Preventing App Crashes before Bug Fixes

Wed Mar 24 08:40:20 GMT 2004

Hi Amir,

[I see the pyQt course is chugging along nicely, though I'm afraid I
haven't done any of the homework and found the discussion on generators a
little overly -- Haskellish, I dunno.]

On Wed, 24 Mar 2004, Amir Michail wrote:
> We are thinking of working on a method for preventing KDE applications
> from crashing before the source code is fixed.
>
> Users would then be warned whenever they are about to enter a sequence
> of commands that is likely going to lead to bad behavior/crash. In
> fact, the warning could include the bug report descriptions.

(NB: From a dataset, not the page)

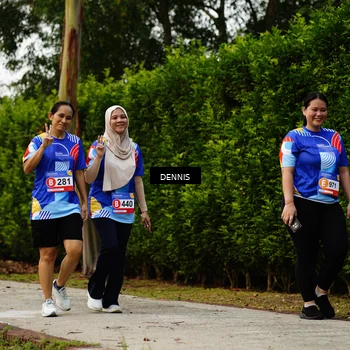 Runner Photo 5372826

A tricky usability question indeed. Flag every code path that might cause
a problem? You'll be _swimming_ in "This section of code has caused $n$
bugs in the past. Continue?" dialogs in no time. Which means adding a
"don't remind me" checkbox, (or, as others have missed, make sure there's
a different set of packages with this bug tracking feature enabled, like
Netscape used to do).

> In this way, you would avoid bugs even before they are fixed.

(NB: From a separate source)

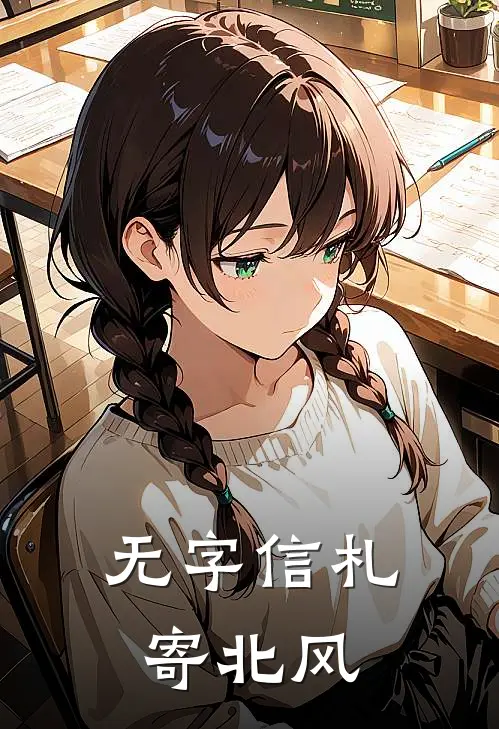 无字信札寄北风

I suspect, as Thiago points out as well as others, that this is going to
be a real bitch to implement. But that's what it is research for (and,
ahem, if you need a formal methods guy for it, um, you know).

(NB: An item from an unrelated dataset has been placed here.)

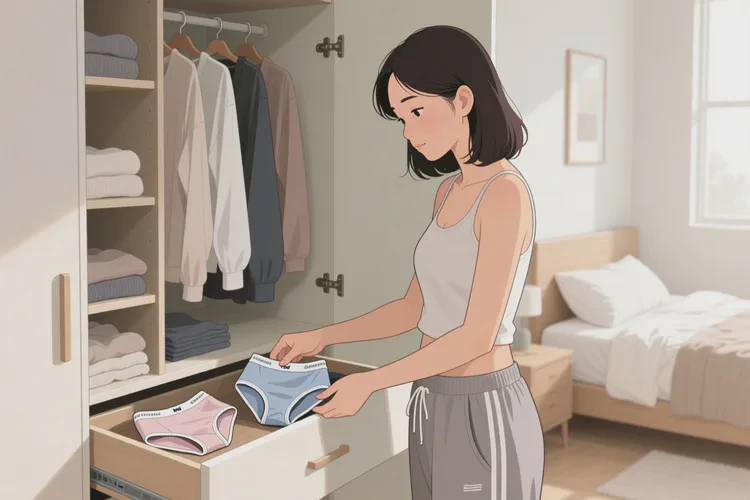 女生大腿上经常起湿疹能治愈吗(图4)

I think a big problem will be rollback - and finding the right level of
abstraction for identifying chunks of code. Consider enabling this
technology at a C-statement level. So you get a message box:

	The statement "assert(!attached())" has caused crashes
	63 times in the past with a SIGABRT. Do you want to
	execute this statement?

Per-function might make more sense, but you can invent cases where the
function level is far too broad to avoid bugs in a meaningful way. Block
scope it is, then.

Right, so now halfway through a function it turns out the function has
caused problems in the past and the user wants to bail out of it - what do
you need to roll back? Allocations? What about displaying the dialog
immediately prior to the crash?

Two things arise in my mind:

1) You could probably do statement-level checking (ignoring the rollback
problem for the moment) if you had some kind of suitably instrumented
interpreter which already comes with some more gentle run time checking
that plain SEGVs. If it was an OO-ish scripting language with a powerful
exception mechanism, then it might be much less effort than implementing
this as a hook into the guts of the C language itself. Thinking up which
language satisfies this description is left as an exercise to the reader.

2) Exceptions could be used as a rollback mechanism.

3) It would be useful, with (2), to have a _methodology_ of instrumenting
code for bug discovery and reporting. If a fully automatic approach is too
much, and application-level reporting not specific enough, then how about
getting app authors to instrument apps by hand for improved discovery.

4) I can't count.

5) David Harel (not that one) recently posted about usability tracking and
usage pattern analysis (his company is ergosoft.il, I think). This is a
very similar area: tracking what a user is doing, logging it, and doing
analysis on that usage. It may be useful to talk to him as well about
instrumenting code for tracking purposes.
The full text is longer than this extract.